Thursday, August 23, 2007


LYNCH is a documentary about David Lynch, filmed during the making of his last movie INLAND EMPIRE. (And yes, both titles are spelt in all caps. In fact, some sources have it that LYNCH is officially called L Y N C H. From the onscreen title card, it's hard to tell.)

The film has had a lot of good reviews online from those who've seen it, most of whom would appear to be huge fans of David Lynch. It's more of a portrait than a conventional documentary. It consists, basically, of footage of Lynch at work, intercut with the occasional anecdote from his youth. The whole thing is edited in wildly non-linear fashion. The sound editing is fractured, non sequitur shots appear throughout, and some of Lynch's stories are accompanied by blurry black-and-white reconstructions. Lynch also testifies to the power of transcendental meditation, which has apparently made him very happy. Basically, it's a creditable attempt to take elements of Lynch's own style and apply them to documentary footage.

There's no real narrative. Lynch muses occasionally that he's making up INLAND EMPIRE as he goes along, which is apparently a first for him - shooting on digital video makes it possible to pursue his stream of subconsciousness to the last moment, whereas in the past he's always had a firm script before shooting. (The exception being Mulholland Drive, but that was an accident - a film salvaged after the fact from a failed TV pilot.) But this isn't presented as any kind of thread; it's just the way things are.

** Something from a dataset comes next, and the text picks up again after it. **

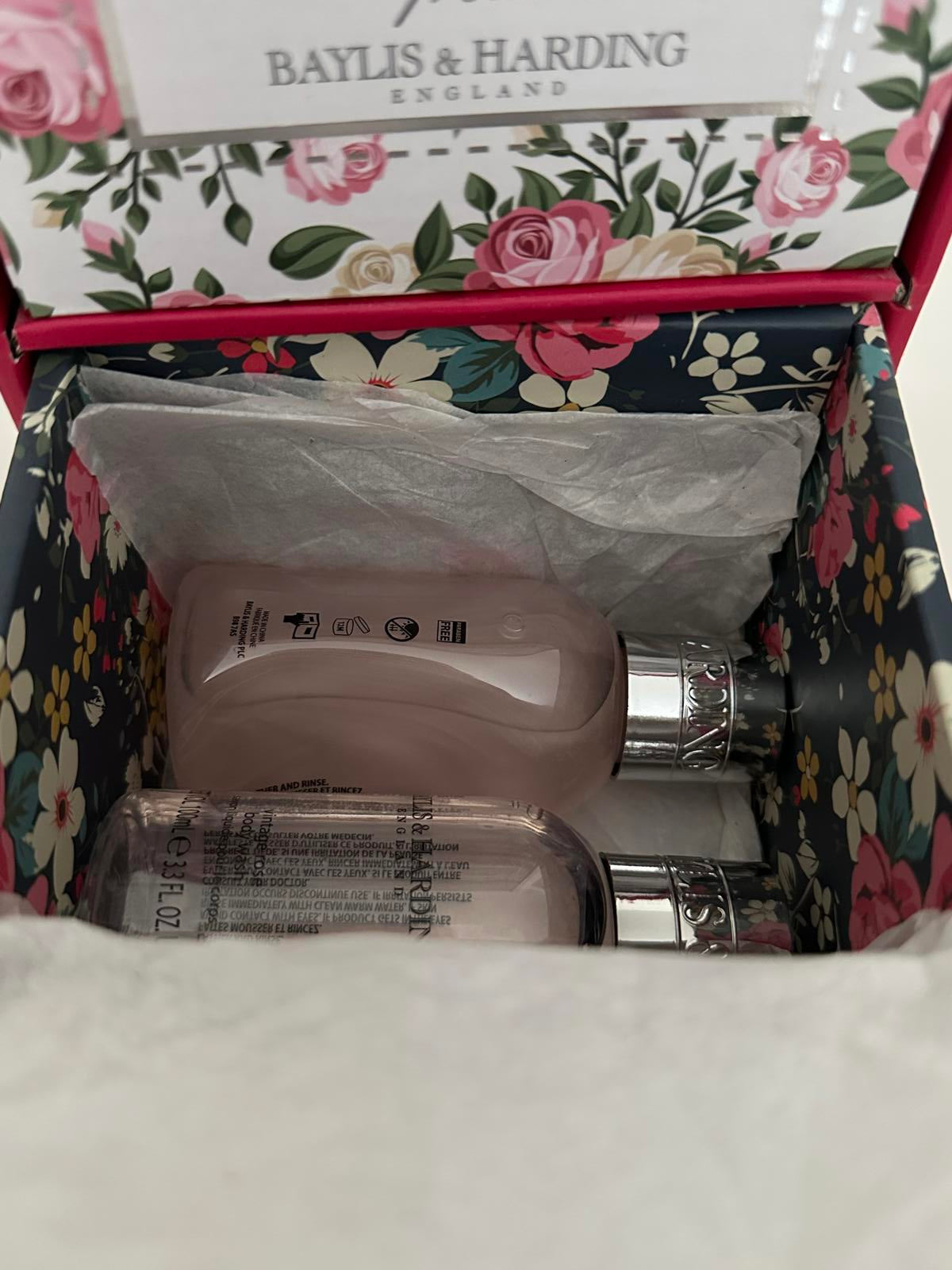 Baylis & Harding LOVE Floral 3 Drawer Pamper Gift Set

After the screening, the film's producer explained that the style was dictated, as much as anything, by the fact that Lynch was simply too damn busy to sit down and give them any formal interviews because he was spending all his time making INLAND EMPIRE. There will, apparently, be a more conventional follow-up in which Lynch will be interviewed properly, answering questions from his fans.

For some reason, the director's identity is being kept mysterious. He or she is credited simply as "blackANDwhite", and the official line is that it's somebody very close to Lynch. Widespread rumour has it that the director is Lynch himself, which the producers emphatically deny. (If the producers are telling the truth, the obvious choice would be Lynch's daughter Jennifer, the director of the widely-panned Boxing Helena, who is just about to return to cinema with a film called Surveillance.)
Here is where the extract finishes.